Implement translation-based approach to convert neuro papers to bio papers

jstremme commented 2 years ago

A lot of these translation models are pretrained on datasets consisting of multiple languages. Since we're just dealing with English, I think we can start with BERT, pubmedbert, or a similar LM, chop off the layer used for predicting masked tokens, then add a layer that predicts, for each token in the input sequence, the corresponding token in a new sequence. Most tokens will stay the same and with labelled examples of input, target sequence pairs, the model will learn the right replacements.

listenaddress commented 2 years ago

Thoughts on a strategy like this with T5? Since you're supposed to tip off the model that it's a translation task via the prompt, I'm curious how it'd perform for our pseudo-translation.

Hopping off for the day now, but I plan to play with this soon.

jstremme commented 2 years ago

There might be a way to do this with prompts, but I think the most straightforward way to do this will be to consider this a classification task where either:

For each token in the input sequence we predict the corresponding token in the output sequence. This approach would be slightly limited in that only individual words can be replaced/modified. Input sequences would be of fixed length with padding as would be the output sequences.
Predict a target sequence of fixed length with padding. The model would learn from the labelled examples that most of the words in the target sequence are the same words as the input sequence.

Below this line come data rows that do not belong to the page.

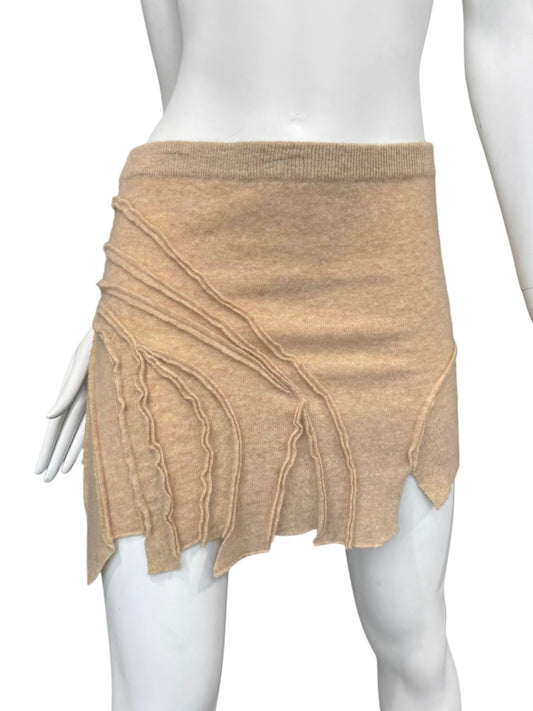 PLEIN SUD JEANS FW2003 BEIGE WOOL ASYMMETRICAL MINI SKIRT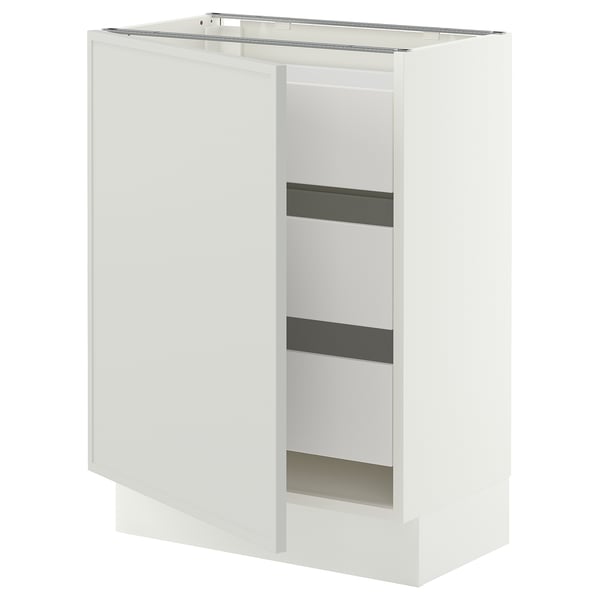 SEKTION / MAXIMERA Armoire inférieure 1 pte/3 tir, blanc/Aspudden gris clair, 24x15x30 "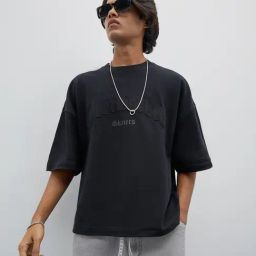 Nuon by Westside Black Text Embossed Relaxed-Fit Cotton T-Shirt-image-8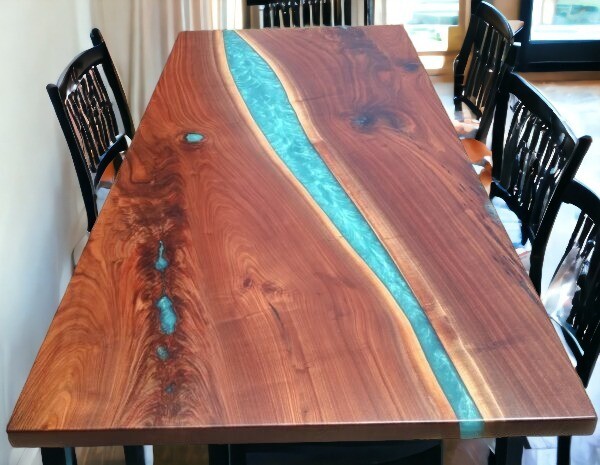 Epoxy dining table, blue epoxy table, river epoxy Table, 2mx1m epoxy table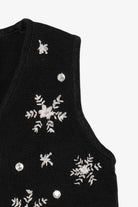 Vintage Black Capacity Snowmen Ugly Christmas Vest (1990s)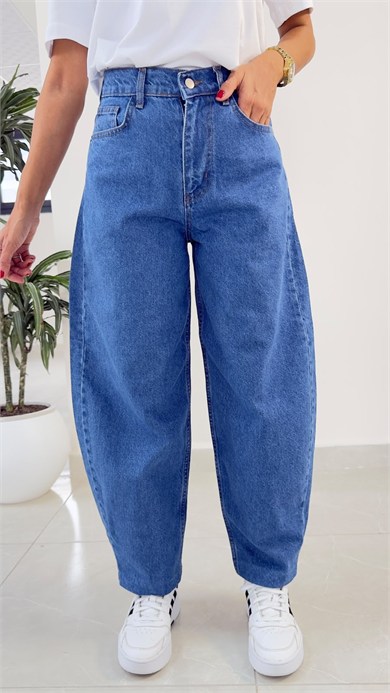 Premium Kalite Tapered Fit Balon Jean Mavi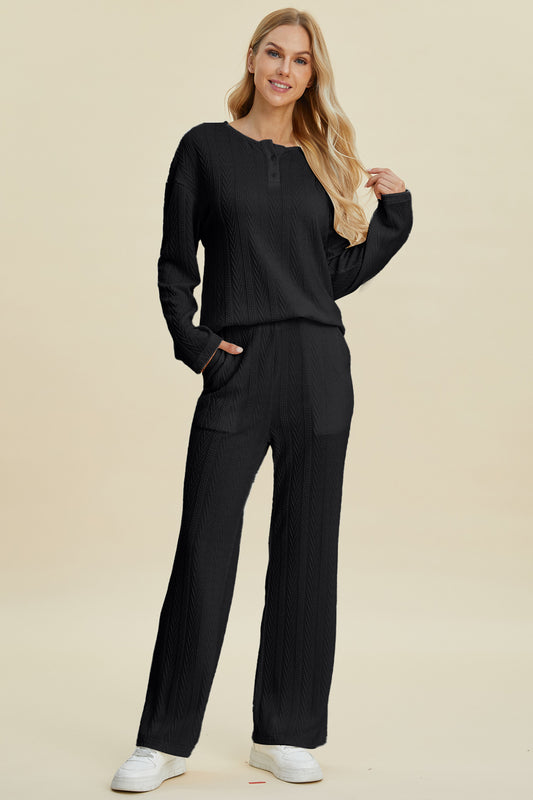 Jeni Cable-Knit Long Sleeve Top and Pants Set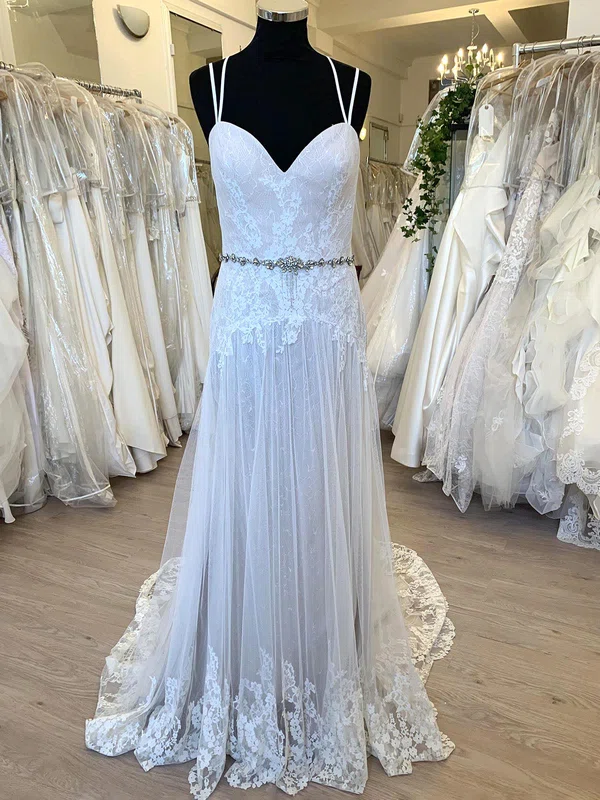Sheath/Column Sweetheart Tulle Lace Sweep Train Wedding Dress With Beading #UKM00028768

For both approaches, I think we'd want to modify the last layer of the network directly, sorta like this. Instead of 2 output features we'd have an output of shape (batch_size, seq_len, vocab_size) where for each sample, and each item in the sequence, we predict a token from the vocab (approach #2). Approach #1 would involve running inference for each token in the input sequence.

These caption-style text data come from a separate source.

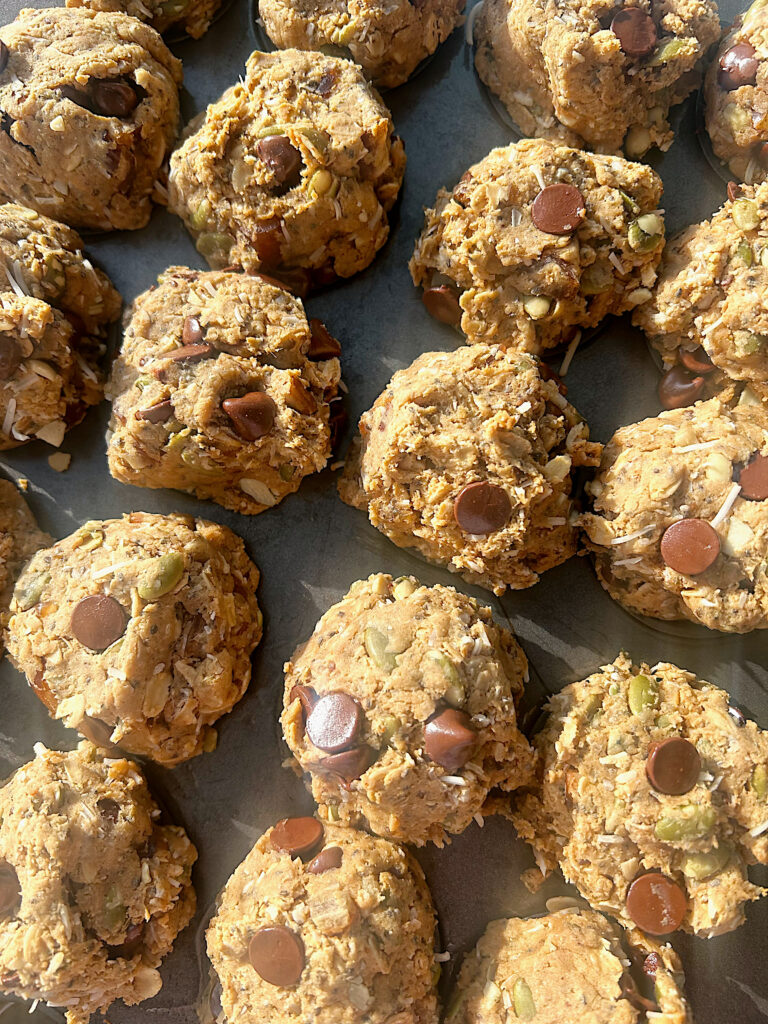 baked little peanut butter and chocolate treats in a mini muffin tin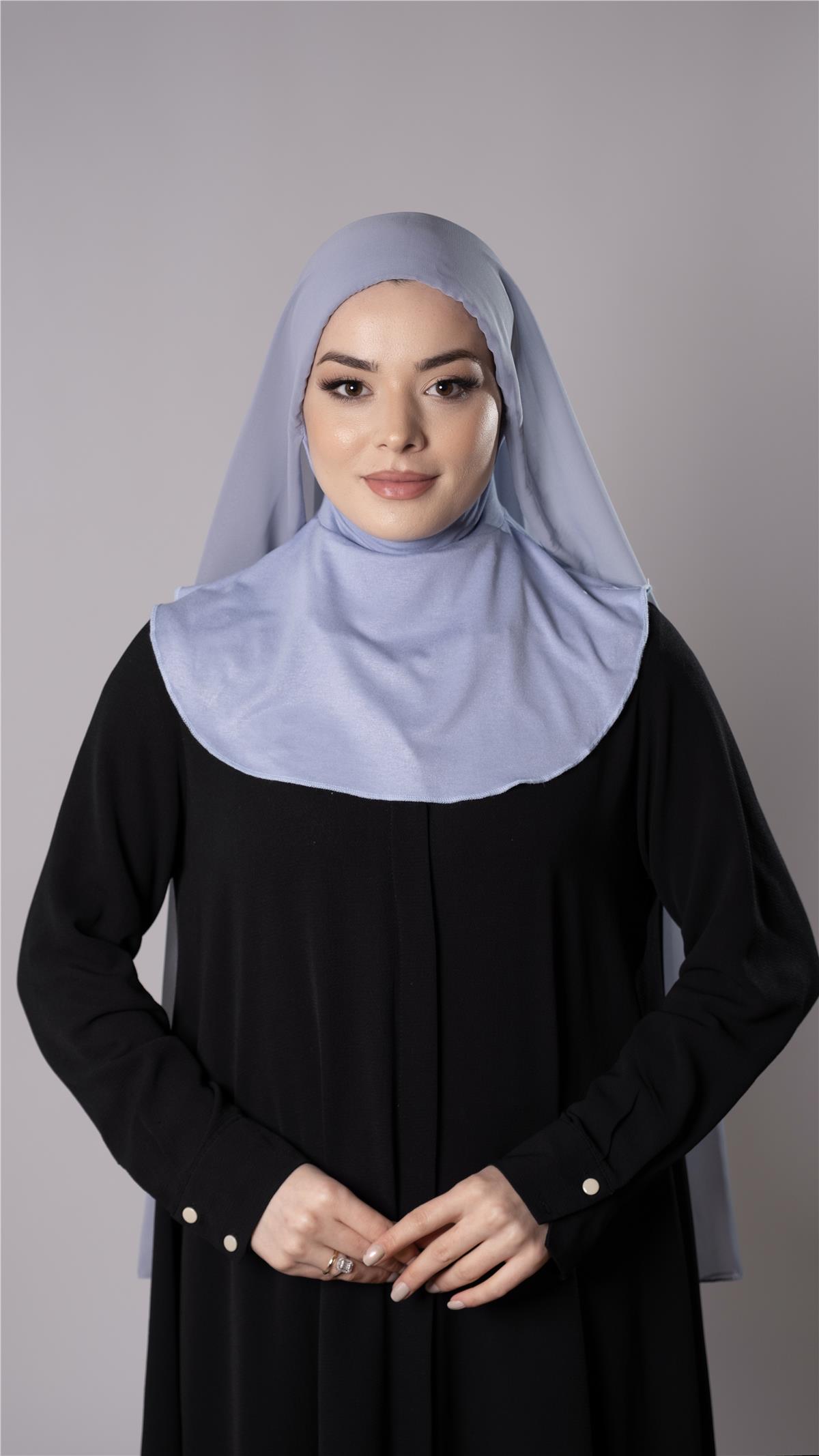 Gri Pratik Hazır Geçmeli Şal Şifon Kumaş Hijab Bone - Hürrem Bone 3009_15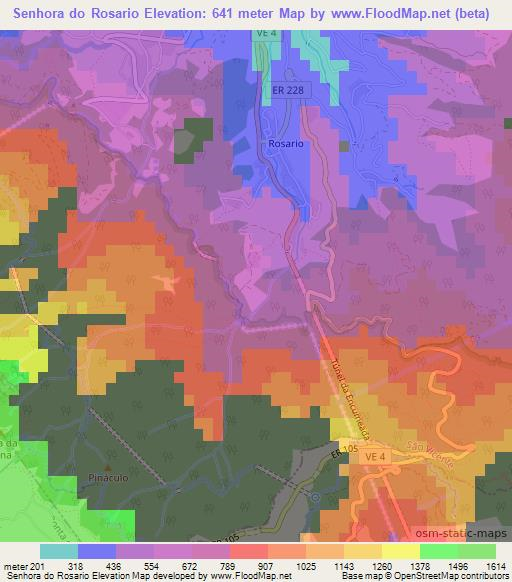 Senhora do Rosario,Portugal Elevation Map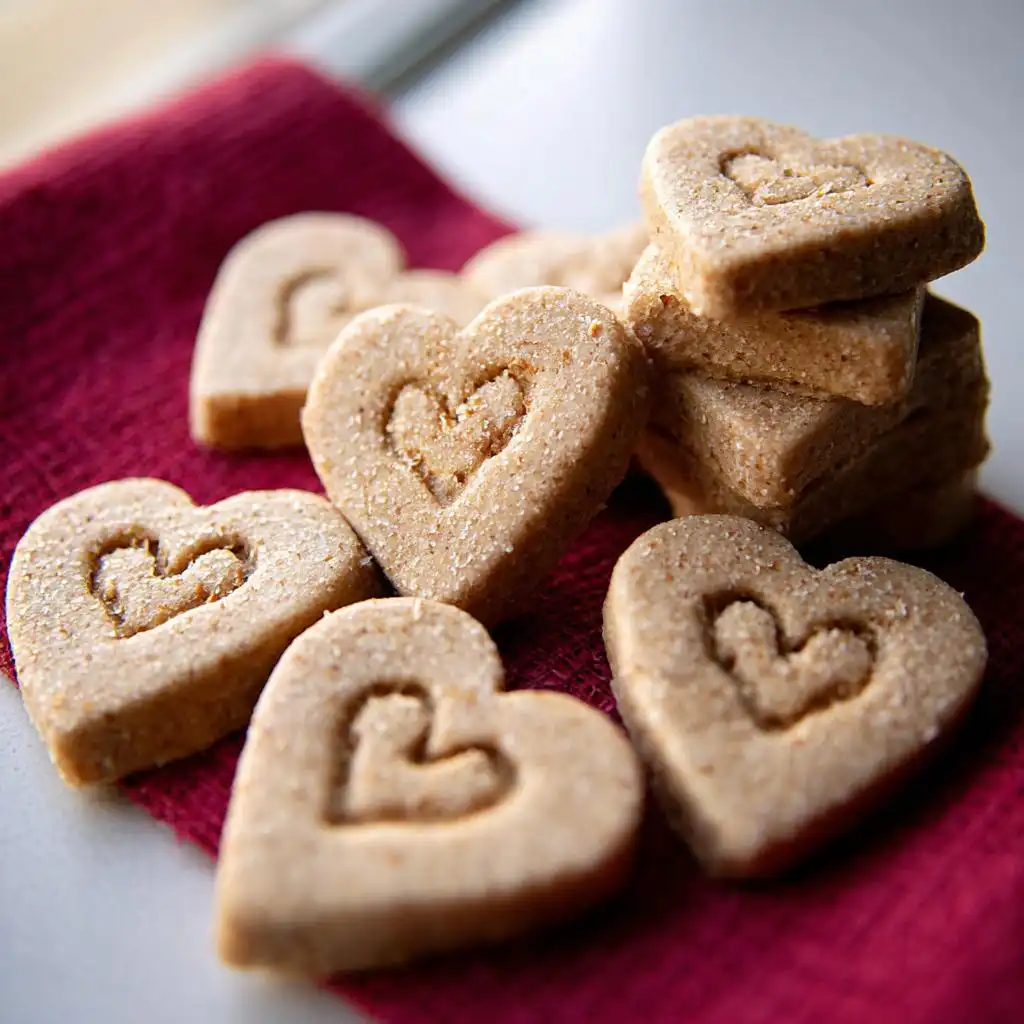 Close-up of heart-shaped Valentine Apple Cinnamon Dog Biscuits stacked and scattered on a red cloth.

My concern with actually framing this as a translation problem (in the way that is typically done with LMs pretrained on multi-language datasets) is that we're just using English. I'm imagining an architecture inspired by translation but not actually translation. Just my current thought on the best way of going about it. No doubt other things could work.

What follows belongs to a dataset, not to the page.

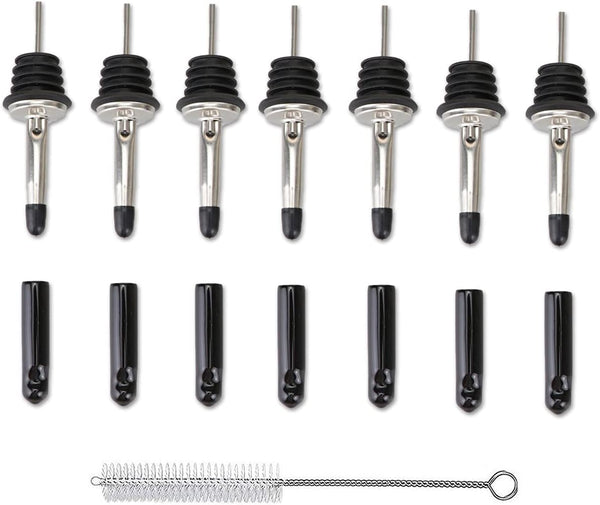 Liquor Pour Spouts with Dust Caps, Speed Pourer Nozzles for Alcohol & Liquor Bottles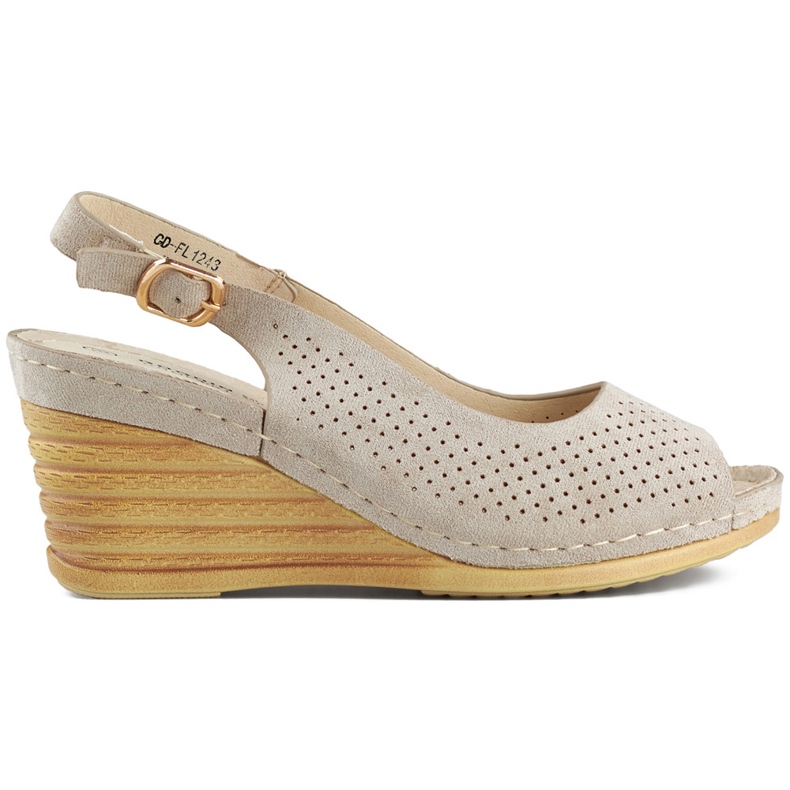 Goodin Sandalias cuña caladas beige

jstremme commented 2 years ago

I think we could still use T5, and maybe need to use some sort of seq2seq model instead of BERT or a BERT-like model where the output is usually a single feature not a sequence.

jstremme commented 2 years ago

Last thought for today... lots of ramblings :) Here's a seq2seq version of BERT that people seem to be using:

listenaddress commented 2 years ago

Rad! Will take a look at this stuff this week.

Also realized I forgot the link I was referencing. Here it is.

listenaddress commented 2 years ago

My concern with actually framing this as a translation problem (in the way that is typically done with LMs pretrained on multi-language datasets) is that we're just using English. I'm imagining an architecture inspired by translation but not actually translation.

Right was thinking the same. At a glance, it didn't look like the hugging face T5 + seq2seq model above was doing anything specific to translating between languages, but I could be missing something?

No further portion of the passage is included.